Pomaga obniżyć cholesterol dzięki wysokiej zawartości tzw. rozpuszczalnego błonnka. Duże ilości magnezu i kwasu foliowego chronią serce, magnez dodatkowo wspomaga przepływ krwi i składników odżywczych w organizmie.
Duża ilość składników odżywczych przy prawie całkowitym braku tłuszczu czyni z soczewicy idealny produkt dla osób odchudzających się/ dbających o szczupłą sylwetkę.
Istnieje wiele pysznych przepisów na dania z soczewicy, ja chcę pokazać mniej znany sposób jej przyrządzania. W ostatnim poście pisałam o paście tandoori, która przewartościowała moje podejście do kuchni indyjskiej.
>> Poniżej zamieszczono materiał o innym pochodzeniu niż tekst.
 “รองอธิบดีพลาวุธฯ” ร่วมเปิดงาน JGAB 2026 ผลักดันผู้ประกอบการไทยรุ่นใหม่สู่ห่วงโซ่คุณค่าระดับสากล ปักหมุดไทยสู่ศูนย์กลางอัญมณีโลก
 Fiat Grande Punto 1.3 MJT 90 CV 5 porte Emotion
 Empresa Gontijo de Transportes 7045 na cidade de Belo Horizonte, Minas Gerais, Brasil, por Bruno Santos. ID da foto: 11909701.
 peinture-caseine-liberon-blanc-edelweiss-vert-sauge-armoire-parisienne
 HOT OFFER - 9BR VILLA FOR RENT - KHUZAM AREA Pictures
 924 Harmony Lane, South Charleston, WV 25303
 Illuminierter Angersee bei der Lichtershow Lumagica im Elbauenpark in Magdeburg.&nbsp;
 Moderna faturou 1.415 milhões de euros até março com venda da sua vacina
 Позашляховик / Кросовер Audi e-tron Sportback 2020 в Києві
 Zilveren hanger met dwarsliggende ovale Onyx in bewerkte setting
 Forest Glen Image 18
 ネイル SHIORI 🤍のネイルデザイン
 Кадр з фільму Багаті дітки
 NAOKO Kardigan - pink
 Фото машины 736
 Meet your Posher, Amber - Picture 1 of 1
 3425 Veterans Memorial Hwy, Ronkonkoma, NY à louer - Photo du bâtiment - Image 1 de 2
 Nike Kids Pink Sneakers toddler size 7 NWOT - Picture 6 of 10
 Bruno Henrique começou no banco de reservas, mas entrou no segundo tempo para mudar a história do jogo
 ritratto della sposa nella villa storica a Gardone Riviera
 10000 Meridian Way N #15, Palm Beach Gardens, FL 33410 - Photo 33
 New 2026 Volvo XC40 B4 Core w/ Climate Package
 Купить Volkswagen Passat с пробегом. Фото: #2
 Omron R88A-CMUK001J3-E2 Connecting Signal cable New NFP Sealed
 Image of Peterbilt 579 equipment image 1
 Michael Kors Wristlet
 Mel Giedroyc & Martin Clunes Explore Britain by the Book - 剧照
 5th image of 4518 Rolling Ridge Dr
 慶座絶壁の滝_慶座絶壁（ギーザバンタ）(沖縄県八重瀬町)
Tandoori cudownie komponuje się z dość neutralną w smaku soczewicą. Połączenie rozgrzewających przypraw jak imbir czy pieprz cayenne z kwaśną pastą tamaryndową i pożywną soczewicą jest jedną z moich ulubionych potraw na jesień, która wczoraj oficjalnie się już rozpoczęła.
Soczewica tandoori
/na 2 solidne porcje lub 4 średnie/
1 szklanka zielonej soczewicy
spory kawałek twardego tofu
2 cebule
olej rzepakowy
sól
Cebule pokrojone w grubą kostkę podsmażyć na oleju. Soczewicę ugotować do miękkości w osobnym garnku. Do cebuli dodać pokrojone w dość duże kawałki tofu i pastę tandoori i podsmażyć z przyprawami tak aby tofu zostało oblepione smakiem pasty. Na koniec dodać ugotowaną soczewicę i wymieszać tak by tandoori pokryło równomiernie całą soczewicę.
Można dolać odrobinę wody jeśli potrawa będzie zbyt gęsta. Podawać z ryżem lub chlebkami naan. Można też jeść z jogurtową raitą.